OKRI: The occupancy/evocation thing also carries another quality which is of great importance to us. Hemingway writing about Africa in the Thirties and Forties: he’s an American at a time of its rising power, so there’s a slight sense of cultural superiority – there has to be. The same question is there when a middle-class writer is writing about the working classes. It’s much easier for them to write humour when the class is one step lower than when the class is one step higher.

WALCOTT: Let’s hang around here a little bit and explore it. When Hemingway describes…

OKRI: I’m talking about the spirit in which he goes there and arrives there and is called ‘Bwana’ and is carried around…

WALCOTT: I was just going to say the same kind of thing. ‘One of the boys did this’, ‘One of the boys did that’. Because when he’s there in his tent on his safari and these guys are serving him something, I think that there is an element of self-savagery. In The Short Happy Life of Francis Macomber I think that the apparent superiority of the people in the tent is superficial. Maybe not; maybe it is patronising.

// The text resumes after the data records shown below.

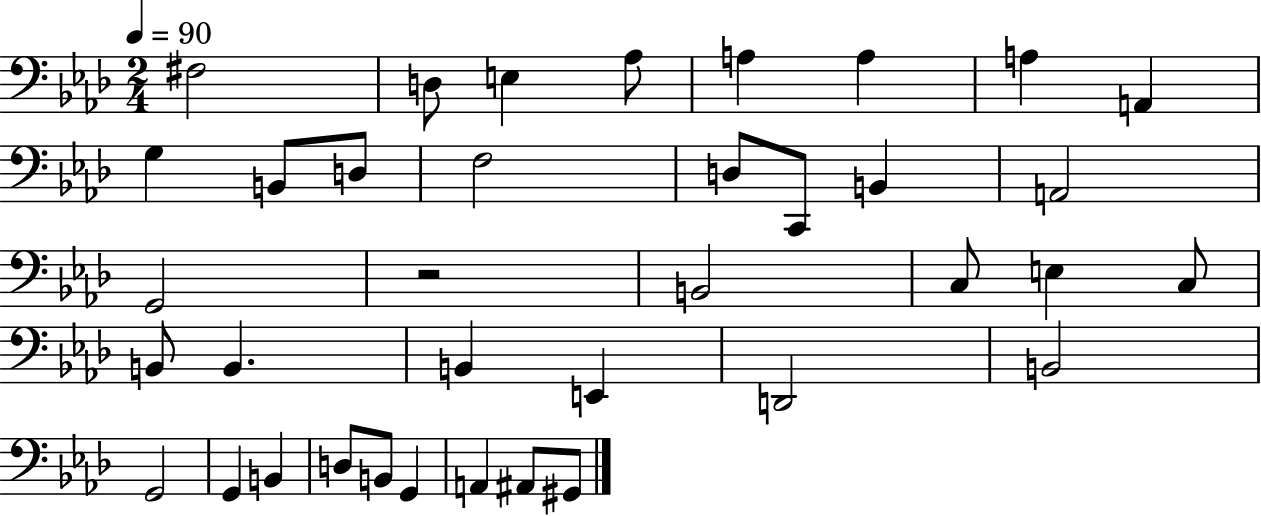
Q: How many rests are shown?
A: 1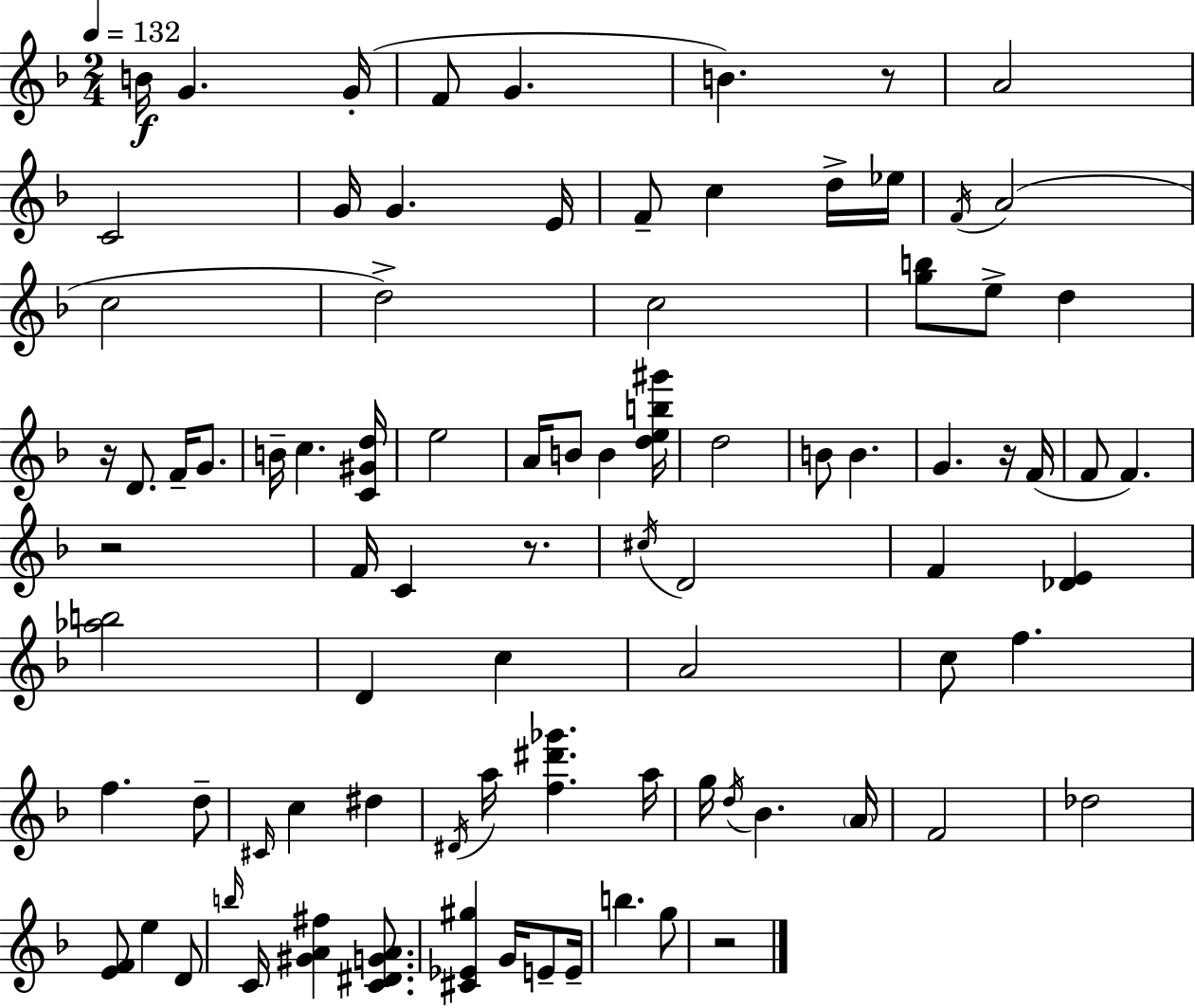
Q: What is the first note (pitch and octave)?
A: B4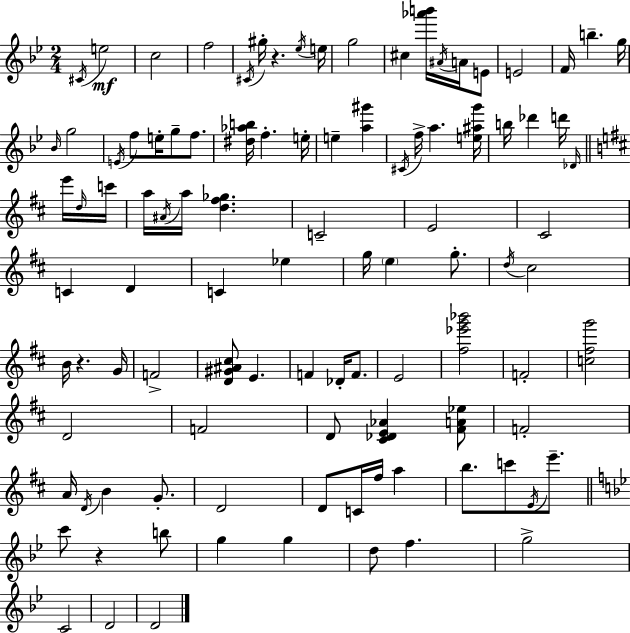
{
  \clef treble
  \numericTimeSignature
  \time 2/4
  \key g \minor
  \repeat volta 2 { \acciaccatura { cis'16 }\mf e''2 | c''2 | f''2 | \acciaccatura { cis'16 } gis''16-. r4. | \break \acciaccatura { ees''16 } e''16 g''2 | cis''4 <aes''' b'''>16 | \acciaccatura { ais'16 } a'16 e'8 e'2 | f'16 b''4.-- | \break g''16 \grace { bes'16 } g''2 | \acciaccatura { e'16 } f''8 | e''16-. g''8-- f''8. <dis'' aes'' b''>16 f''4.-. | e''16-. e''4-- | \break <a'' gis'''>4 \acciaccatura { cis'16 } f''16-> | a''4. <e'' ais'' g'''>16 b''16 | des'''4 d'''16 \grace { des'16 } \bar "||" \break \key d \major e'''16 \grace { d''16 } c'''16 a''16 \acciaccatura { ais'16 } a''16 <d'' fis'' ges''>4. | c'2-- | e'2 | cis'2 | \break c'4 | d'4 c'4 | ees''4 g''16 \parenthesize e''4 | g''8.-. \acciaccatura { d''16 } cis''2 | \break b'16 r4. | g'16 f'2-> | <d' gis' ais' cis''>8 e'4. | f'4 | \break des'16-. f'8. e'2 | <fis'' ees''' g''' bes'''>2 | f'2-. | <c'' fis'' g'''>2 | \break d'2 | f'2 | d'8 <cis' des' e' aes'>4 | <fis' a' ees''>8 f'2-. | \break a'16 \acciaccatura { d'16 } b'4 | g'8.-. d'2 | d'8 | c'16 fis''16 a''4 b''8. | \break c'''8 \acciaccatura { e'16 } e'''8.-- \bar "||" \break \key g \minor c'''8 r4 b''8 | g''4 g''4 | d''8 f''4. | g''2-> | \break c'2 | d'2 | d'2 | } \bar "|."
}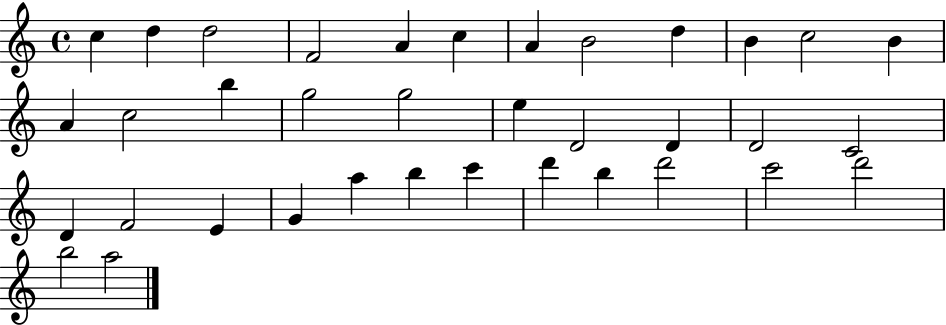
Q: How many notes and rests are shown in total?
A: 36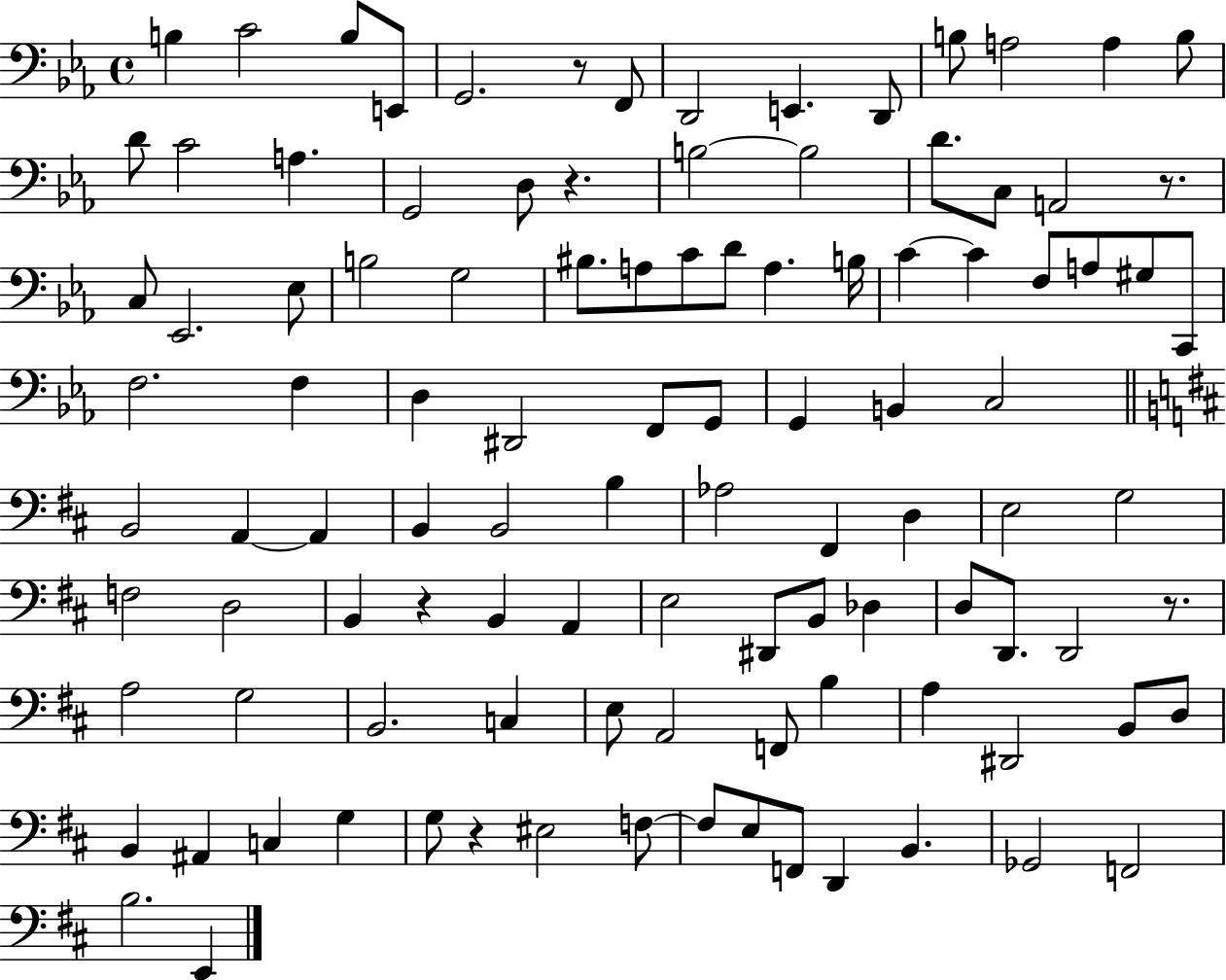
B3/q C4/h B3/e E2/e G2/h. R/e F2/e D2/h E2/q. D2/e B3/e A3/h A3/q B3/e D4/e C4/h A3/q. G2/h D3/e R/q. B3/h B3/h D4/e. C3/e A2/h R/e. C3/e Eb2/h. Eb3/e B3/h G3/h BIS3/e. A3/e C4/e D4/e A3/q. B3/s C4/q C4/q F3/e A3/e G#3/e C2/e F3/h. F3/q D3/q D#2/h F2/e G2/e G2/q B2/q C3/h B2/h A2/q A2/q B2/q B2/h B3/q Ab3/h F#2/q D3/q E3/h G3/h F3/h D3/h B2/q R/q B2/q A2/q E3/h D#2/e B2/e Db3/q D3/e D2/e. D2/h R/e. A3/h G3/h B2/h. C3/q E3/e A2/h F2/e B3/q A3/q D#2/h B2/e D3/e B2/q A#2/q C3/q G3/q G3/e R/q EIS3/h F3/e F3/e E3/e F2/e D2/q B2/q. Gb2/h F2/h B3/h. E2/q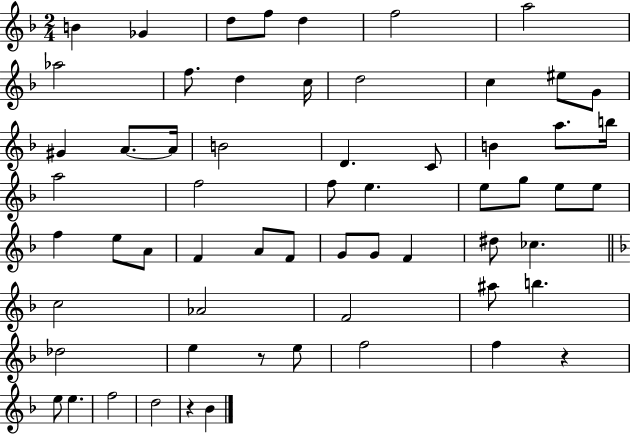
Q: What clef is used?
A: treble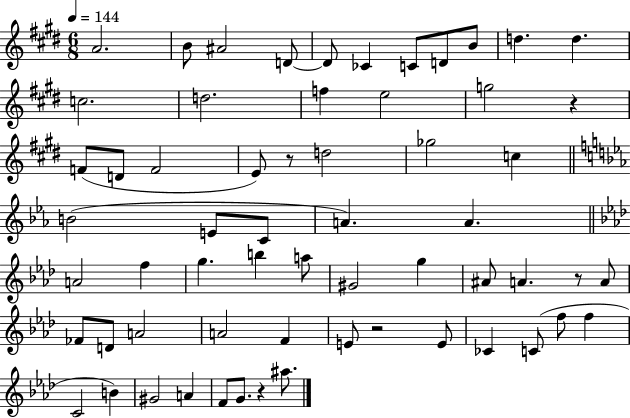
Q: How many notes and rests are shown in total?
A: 61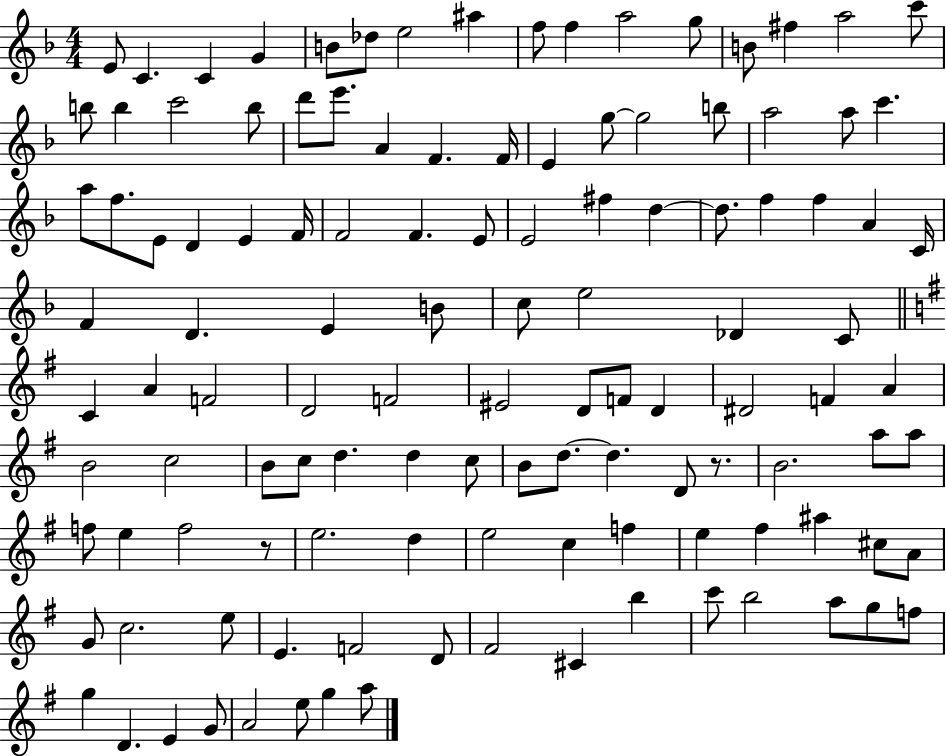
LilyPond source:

{
  \clef treble
  \numericTimeSignature
  \time 4/4
  \key f \major
  \repeat volta 2 { e'8 c'4. c'4 g'4 | b'8 des''8 e''2 ais''4 | f''8 f''4 a''2 g''8 | b'8 fis''4 a''2 c'''8 | \break b''8 b''4 c'''2 b''8 | d'''8 e'''8. a'4 f'4. f'16 | e'4 g''8~~ g''2 b''8 | a''2 a''8 c'''4. | \break a''8 f''8. e'8 d'4 e'4 f'16 | f'2 f'4. e'8 | e'2 fis''4 d''4~~ | d''8. f''4 f''4 a'4 c'16 | \break f'4 d'4. e'4 b'8 | c''8 e''2 des'4 c'8 | \bar "||" \break \key g \major c'4 a'4 f'2 | d'2 f'2 | eis'2 d'8 f'8 d'4 | dis'2 f'4 a'4 | \break b'2 c''2 | b'8 c''8 d''4. d''4 c''8 | b'8 d''8.~~ d''4. d'8 r8. | b'2. a''8 a''8 | \break f''8 e''4 f''2 r8 | e''2. d''4 | e''2 c''4 f''4 | e''4 fis''4 ais''4 cis''8 a'8 | \break g'8 c''2. e''8 | e'4. f'2 d'8 | fis'2 cis'4 b''4 | c'''8 b''2 a''8 g''8 f''8 | \break g''4 d'4. e'4 g'8 | a'2 e''8 g''4 a''8 | } \bar "|."
}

OKRI: What I’m talking about is not so much the people, but the spirit that makes you write about that place in a certain kind of more relaxed way than if you were writing about New York, where you’ll be perceived as someone who comes from the provinces.

WALCOTT: OK. If you had to write a history of English fiction including Africa, it may be that a huge tidal change has to happen. In other words, you have to let the niggers into the club. And if they come into the club, are they there patronisingly, or are they there as people who have earned membership of the club? That is genuinely, I think, the position of English criticism of what used to be called their Commonwealth. I think it is also there in Hemingway.

But then, Ben, think of what it would mean: the entire history of English fiction would have to be looked at not from the point of view of victims, because it’s not that people are victims; not even equality, because that’s a patronising thing. I’m talking about a radical aesthetic that would have to say, ‘Can that be forgiven, that when Hemingway is writing in his tent while the boys are skinning something, it’s from the point of view of the guy drinking the gin and tonic and looking at the Africans?’ Now, there’s a lot of tribute paid to the beauty of the Africans –

OKRI: – and the loin skins –

WALCOTT: And all of that. But nor are we saying that now the boys who were skinning the lion are going to write novels from their point of view. I’m talking about the state of criticism. Because you have to let people into the club, if you think you want a club. This is the most important thing.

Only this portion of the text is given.